日本一に輝いた球界の盟主・巨人のリードオフマンと夏の甲子園を制して日本中を熱狂させた右腕。
同級生ながらこれまで交わる事が無く、違う道のりを歩んで辿り着いた今回の対戦。
坂本は「高校の時は注目度が違ったけど、今はプロでやっている意地もある」と語っていた。
偽らざる坂本の心境ではないだろうか。斎藤にとってもプロ入りを睨み力量を計るには絶好の試金石。

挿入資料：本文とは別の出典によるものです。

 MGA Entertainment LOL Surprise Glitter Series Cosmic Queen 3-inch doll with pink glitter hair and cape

二人の成長曲線、現状でのプロとアマの力量を見定める等、非常に興味深い対戦である。
試合前にはホームベースを挟み挨拶をしていた。
1球目、外角高めへの146km/hのストレートでストライクを奪う。
2球目、外角高めの直球がファウルとなり、2-0と坂本追い込んだ。
ちなみに、捕手・小池翔大(青山学院大)は外角低めを要求していた。
3球目、外角低めのスライダーに踏み込まれ、坂本のヒットゾーンである三遊間を奇麗に破られた。
小池は体ごと外角に移動。外角低めのストライクから外れたゾーンにミットを構えていた。

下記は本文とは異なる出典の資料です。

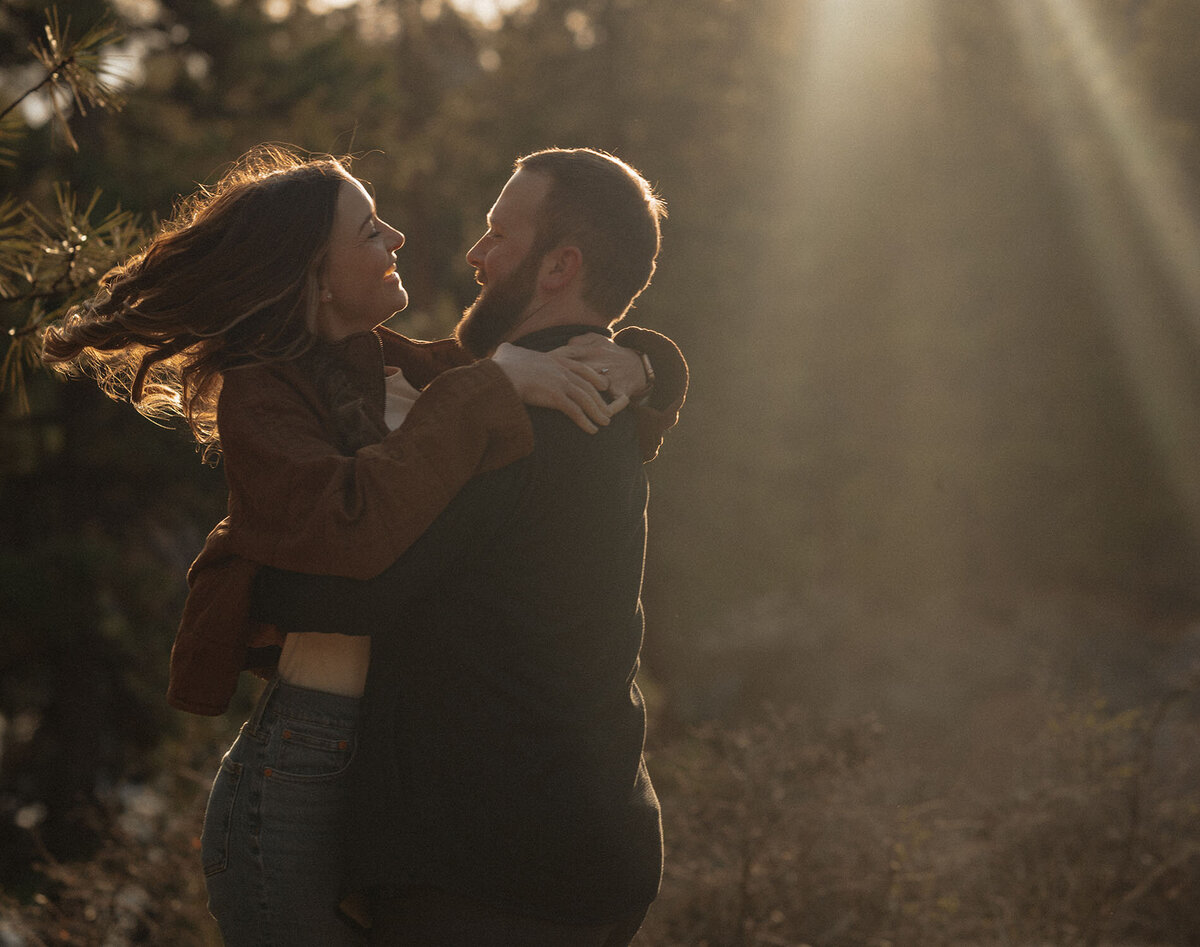 engagement couple having fun in the outdoors during an authentic and outdoor photoshoot in Bend, Oregon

プロで培った失投を見逃さない坂本の成長とプロの厳しさを斎藤は体感出来たのではないだろうか?
二番・松本哲也(巨人)を四球で歩かせ、三番・天谷宗一郎(広島)を併殺打で、二死三塁とする。
四番・新井貴浩(阪神)を2-2と追い込んでから小池のサインに二度首を振りプレートを外す。
長いサイン交換の後、小池の構えた外角低めから程遠くストレートが真ん中高めに入ってしまう。
甘い球を新井は見逃さず、打球は一二塁間をしぶとく抜けて適時打となった。
結局、大学日本代表唯一の失点になってしまった。
小池が外側に構えているのは、ネット裏三塁寄りでも良く分かった
斎藤は高校時代から何度も観ているが、大学入学以降、年々投球フォームに安定性を欠いている。
ステップする左脚への重心移動の不安定さが大きな原因である。
体重が左脚に乗って来ないから、投げ終わってから「立ったまま」のような状態になっている。
高校時代にも時折見られた特徴ではるが、頻度が高くなり安定性に乏しい。
斎藤が解決しなければならないポイントは単純であるがゆえに早期解決が求められる。
現行のフォームで140km/hを計測するのは斎藤の上体の強さの賜物だと推測できる。
もう一度、夏の甲子園での躍動するような斎藤の投球フォームを観てみたい。